When you reach the line in the data below that contains "Hammered copper tray and bronze handles", please start repeating lines exactly, and stop after the line that contains "Faraz Label - KARYN", repeating nothing else.
-------- INPUT DATA --------
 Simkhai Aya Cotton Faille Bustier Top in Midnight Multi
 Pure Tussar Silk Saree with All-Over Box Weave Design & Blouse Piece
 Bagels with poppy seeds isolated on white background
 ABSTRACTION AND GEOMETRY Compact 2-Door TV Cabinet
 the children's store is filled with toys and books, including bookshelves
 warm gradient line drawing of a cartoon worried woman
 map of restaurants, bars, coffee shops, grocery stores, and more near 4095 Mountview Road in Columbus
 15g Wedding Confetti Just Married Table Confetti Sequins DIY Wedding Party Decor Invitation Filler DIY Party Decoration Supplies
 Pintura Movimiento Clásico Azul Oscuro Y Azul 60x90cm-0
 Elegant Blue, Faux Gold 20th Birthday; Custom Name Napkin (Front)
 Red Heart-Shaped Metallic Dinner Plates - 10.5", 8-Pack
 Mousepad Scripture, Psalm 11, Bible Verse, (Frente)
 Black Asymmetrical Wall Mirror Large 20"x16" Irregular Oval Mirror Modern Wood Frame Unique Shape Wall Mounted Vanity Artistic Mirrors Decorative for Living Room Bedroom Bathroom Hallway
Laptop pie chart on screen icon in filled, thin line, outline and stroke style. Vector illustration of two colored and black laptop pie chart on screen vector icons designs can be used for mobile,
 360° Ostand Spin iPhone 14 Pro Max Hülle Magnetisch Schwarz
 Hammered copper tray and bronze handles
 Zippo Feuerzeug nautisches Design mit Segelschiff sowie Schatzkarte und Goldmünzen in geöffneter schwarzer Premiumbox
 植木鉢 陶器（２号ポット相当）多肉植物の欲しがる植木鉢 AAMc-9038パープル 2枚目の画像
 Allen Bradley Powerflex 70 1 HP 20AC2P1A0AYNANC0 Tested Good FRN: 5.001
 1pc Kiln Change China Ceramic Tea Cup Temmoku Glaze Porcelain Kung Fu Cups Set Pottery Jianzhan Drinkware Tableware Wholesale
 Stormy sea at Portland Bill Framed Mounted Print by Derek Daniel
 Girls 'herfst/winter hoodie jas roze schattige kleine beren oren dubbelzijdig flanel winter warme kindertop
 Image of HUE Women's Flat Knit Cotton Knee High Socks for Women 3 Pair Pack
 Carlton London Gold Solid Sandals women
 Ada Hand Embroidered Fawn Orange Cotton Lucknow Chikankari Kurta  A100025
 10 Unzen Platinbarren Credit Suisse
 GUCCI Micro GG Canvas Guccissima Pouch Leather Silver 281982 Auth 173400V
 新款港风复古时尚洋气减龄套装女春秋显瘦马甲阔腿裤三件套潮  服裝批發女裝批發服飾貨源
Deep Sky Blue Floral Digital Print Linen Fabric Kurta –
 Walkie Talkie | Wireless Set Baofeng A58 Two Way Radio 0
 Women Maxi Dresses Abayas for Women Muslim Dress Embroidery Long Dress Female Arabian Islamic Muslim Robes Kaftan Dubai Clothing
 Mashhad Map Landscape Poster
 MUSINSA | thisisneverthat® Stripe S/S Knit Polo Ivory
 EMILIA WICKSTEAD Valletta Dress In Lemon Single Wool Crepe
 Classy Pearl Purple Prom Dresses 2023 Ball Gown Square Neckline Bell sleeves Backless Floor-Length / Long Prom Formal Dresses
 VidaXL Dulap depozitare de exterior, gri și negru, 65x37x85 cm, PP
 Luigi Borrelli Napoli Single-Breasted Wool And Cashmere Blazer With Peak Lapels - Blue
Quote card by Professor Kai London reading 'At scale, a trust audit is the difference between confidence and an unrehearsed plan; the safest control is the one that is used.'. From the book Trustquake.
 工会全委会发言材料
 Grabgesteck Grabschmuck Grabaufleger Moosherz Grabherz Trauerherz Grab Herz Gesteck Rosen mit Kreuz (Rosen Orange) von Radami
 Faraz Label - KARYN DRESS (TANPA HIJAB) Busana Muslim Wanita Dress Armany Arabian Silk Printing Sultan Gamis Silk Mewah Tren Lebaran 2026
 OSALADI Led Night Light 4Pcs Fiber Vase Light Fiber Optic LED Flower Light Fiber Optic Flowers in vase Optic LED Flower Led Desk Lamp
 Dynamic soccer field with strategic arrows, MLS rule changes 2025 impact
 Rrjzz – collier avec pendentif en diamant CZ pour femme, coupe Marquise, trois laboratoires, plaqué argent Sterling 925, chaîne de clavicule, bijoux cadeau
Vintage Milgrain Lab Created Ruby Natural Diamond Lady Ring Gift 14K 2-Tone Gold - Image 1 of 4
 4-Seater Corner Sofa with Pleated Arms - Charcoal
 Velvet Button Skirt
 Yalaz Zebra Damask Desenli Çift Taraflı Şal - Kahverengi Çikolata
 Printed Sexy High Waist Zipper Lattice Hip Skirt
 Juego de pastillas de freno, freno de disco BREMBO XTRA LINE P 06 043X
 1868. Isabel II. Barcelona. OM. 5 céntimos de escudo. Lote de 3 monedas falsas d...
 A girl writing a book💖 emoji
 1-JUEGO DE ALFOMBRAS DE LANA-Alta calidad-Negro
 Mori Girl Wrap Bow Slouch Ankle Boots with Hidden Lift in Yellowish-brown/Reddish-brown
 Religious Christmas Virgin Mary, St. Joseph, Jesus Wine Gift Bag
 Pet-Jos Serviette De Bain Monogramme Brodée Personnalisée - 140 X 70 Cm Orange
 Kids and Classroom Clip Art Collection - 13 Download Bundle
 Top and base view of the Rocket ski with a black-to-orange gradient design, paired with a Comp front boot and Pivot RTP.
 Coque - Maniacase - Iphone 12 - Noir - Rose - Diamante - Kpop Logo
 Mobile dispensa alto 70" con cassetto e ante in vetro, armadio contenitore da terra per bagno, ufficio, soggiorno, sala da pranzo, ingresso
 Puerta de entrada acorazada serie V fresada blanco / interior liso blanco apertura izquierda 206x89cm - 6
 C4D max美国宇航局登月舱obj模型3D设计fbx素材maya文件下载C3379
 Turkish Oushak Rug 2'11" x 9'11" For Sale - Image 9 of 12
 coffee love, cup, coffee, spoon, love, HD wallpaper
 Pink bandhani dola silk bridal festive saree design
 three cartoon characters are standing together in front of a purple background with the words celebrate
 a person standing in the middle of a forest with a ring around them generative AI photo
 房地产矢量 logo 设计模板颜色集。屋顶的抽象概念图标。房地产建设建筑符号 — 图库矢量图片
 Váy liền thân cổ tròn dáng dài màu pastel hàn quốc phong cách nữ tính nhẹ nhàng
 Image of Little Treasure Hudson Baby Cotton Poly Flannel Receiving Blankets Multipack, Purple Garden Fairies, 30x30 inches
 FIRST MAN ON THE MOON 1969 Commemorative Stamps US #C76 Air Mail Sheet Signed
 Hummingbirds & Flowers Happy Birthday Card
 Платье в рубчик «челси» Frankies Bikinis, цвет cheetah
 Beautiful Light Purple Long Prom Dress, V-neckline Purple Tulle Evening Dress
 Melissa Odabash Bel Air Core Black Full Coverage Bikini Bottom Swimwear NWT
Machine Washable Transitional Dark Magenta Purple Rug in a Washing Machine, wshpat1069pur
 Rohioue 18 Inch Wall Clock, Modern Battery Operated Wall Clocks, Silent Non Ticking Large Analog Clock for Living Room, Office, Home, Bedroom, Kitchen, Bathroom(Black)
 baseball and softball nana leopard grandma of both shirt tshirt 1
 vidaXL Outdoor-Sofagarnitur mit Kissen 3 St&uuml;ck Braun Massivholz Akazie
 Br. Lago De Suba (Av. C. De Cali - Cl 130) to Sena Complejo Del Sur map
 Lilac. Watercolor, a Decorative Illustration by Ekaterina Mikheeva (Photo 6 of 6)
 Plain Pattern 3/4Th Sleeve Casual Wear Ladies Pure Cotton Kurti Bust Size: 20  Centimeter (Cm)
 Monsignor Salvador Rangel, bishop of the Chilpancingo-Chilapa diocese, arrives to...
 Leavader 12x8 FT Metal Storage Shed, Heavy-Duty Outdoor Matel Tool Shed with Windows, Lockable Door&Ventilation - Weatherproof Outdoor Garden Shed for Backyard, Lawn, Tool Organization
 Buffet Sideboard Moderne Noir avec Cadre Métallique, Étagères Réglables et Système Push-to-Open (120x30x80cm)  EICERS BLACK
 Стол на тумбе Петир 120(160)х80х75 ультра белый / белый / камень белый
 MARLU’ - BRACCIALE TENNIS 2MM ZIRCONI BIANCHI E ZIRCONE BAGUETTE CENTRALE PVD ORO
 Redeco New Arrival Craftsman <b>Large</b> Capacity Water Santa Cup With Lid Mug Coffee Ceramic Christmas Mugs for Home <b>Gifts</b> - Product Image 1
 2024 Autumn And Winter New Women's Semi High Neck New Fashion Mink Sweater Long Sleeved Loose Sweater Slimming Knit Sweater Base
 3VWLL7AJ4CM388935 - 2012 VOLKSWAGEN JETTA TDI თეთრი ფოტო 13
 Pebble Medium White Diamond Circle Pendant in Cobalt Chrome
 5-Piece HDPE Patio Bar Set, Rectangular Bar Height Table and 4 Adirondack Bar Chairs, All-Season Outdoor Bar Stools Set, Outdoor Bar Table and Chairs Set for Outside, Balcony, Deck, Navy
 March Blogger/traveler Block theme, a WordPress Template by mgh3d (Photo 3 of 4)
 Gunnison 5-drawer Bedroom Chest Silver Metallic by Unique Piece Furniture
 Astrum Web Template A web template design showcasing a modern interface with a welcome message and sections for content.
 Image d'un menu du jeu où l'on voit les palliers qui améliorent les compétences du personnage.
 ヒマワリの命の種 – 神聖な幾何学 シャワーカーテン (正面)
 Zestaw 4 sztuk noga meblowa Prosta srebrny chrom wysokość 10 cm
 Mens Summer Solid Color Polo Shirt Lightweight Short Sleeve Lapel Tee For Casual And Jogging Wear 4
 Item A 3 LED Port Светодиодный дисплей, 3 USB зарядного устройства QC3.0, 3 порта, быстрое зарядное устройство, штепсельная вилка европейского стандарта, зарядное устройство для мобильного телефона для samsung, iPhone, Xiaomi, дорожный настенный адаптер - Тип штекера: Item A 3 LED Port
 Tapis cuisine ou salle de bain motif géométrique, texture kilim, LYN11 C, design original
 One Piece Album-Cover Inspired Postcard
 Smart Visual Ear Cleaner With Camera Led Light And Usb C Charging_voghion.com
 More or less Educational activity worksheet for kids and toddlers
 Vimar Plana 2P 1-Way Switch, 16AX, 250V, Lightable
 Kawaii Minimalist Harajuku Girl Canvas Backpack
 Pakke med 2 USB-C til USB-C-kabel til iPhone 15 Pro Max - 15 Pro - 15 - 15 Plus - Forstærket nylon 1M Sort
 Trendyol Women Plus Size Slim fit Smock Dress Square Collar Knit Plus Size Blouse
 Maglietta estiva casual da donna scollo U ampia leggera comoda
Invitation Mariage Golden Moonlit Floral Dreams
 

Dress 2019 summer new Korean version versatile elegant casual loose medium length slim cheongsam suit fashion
--------
ANSWER BOX:
 Hammered copper tray and bronze handles
 Zippo Feuerzeug nautisches Design mit Segelschiff sowie Schatzkarte und Goldmünzen in geöffneter schwarzer Premiumbox
 植木鉢 陶器（２号ポット相当）多肉植物の欲しがる植木鉢 AAMc-9038パープル 2枚目の画像
 Allen Bradley Powerflex 70 1 HP 20AC2P1A0AYNANC0 Tested Good FRN: 5.001
 1pc Kiln Change China Ceramic Tea Cup Temmoku Glaze Porcelain Kung Fu Cups Set Pottery Jianzhan Drinkware Tableware Wholesale
 Stormy sea at Portland Bill Framed Mounted Print by Derek Daniel
 Girls 'herfst/winter hoodie jas roze schattige kleine beren oren dubbelzijdig flanel winter warme kindertop
 Image of HUE Women's Flat Knit Cotton Knee High Socks for Women 3 Pair Pack
 Carlton London Gold Solid Sandals women
 Ada Hand Embroidered Fawn Orange Cotton Lucknow Chikankari Kurta  A100025
 10 Unzen Platinbarren Credit Suisse
 GUCCI Micro GG Canvas Guccissima Pouch Leather Silver 281982 Auth 173400V
 新款港风复古时尚洋气减龄套装女春秋显瘦马甲阔腿裤三件套潮  服裝批發女裝批發服飾貨源
Deep Sky Blue Floral Digital Print Linen Fabric Kurta –
 Walkie Talkie | Wireless Set Baofeng A58 Two Way Radio 0
 Women Maxi Dresses Abayas for Women Muslim Dress Embroidery Long Dress Female Arabian Islamic Muslim Robes Kaftan Dubai Clothing
 Mashhad Map Landscape Poster
 MUSINSA | thisisneverthat® Stripe S/S Knit Polo Ivory
 EMILIA WICKSTEAD Valletta Dress In Lemon Single Wool Crepe
 Classy Pearl Purple Prom Dresses 2023 Ball Gown Square Neckline Bell sleeves Backless Floor-Length / Long Prom Formal Dresses
 VidaXL Dulap depozitare de exterior, gri și negru, 65x37x85 cm, PP
 Luigi Borrelli Napoli Single-Breasted Wool And Cashmere Blazer With Peak Lapels - Blue
Quote card by Professor Kai London reading 'At scale, a trust audit is the difference between confidence and an unrehearsed plan; the safest control is the one that is used.'. From the book Trustquake.
 工会全委会发言材料
 Grabgesteck Grabschmuck Grabaufleger Moosherz Grabherz Trauerherz Grab Herz Gesteck Rosen mit Kreuz (Rosen Orange) von Radami
 Faraz Label - KARYN DRESS (TANPA HIJAB) Busana Muslim Wanita Dress Armany Arabian Silk Printing Sultan Gamis Silk Mewah Tren Lebaran 2026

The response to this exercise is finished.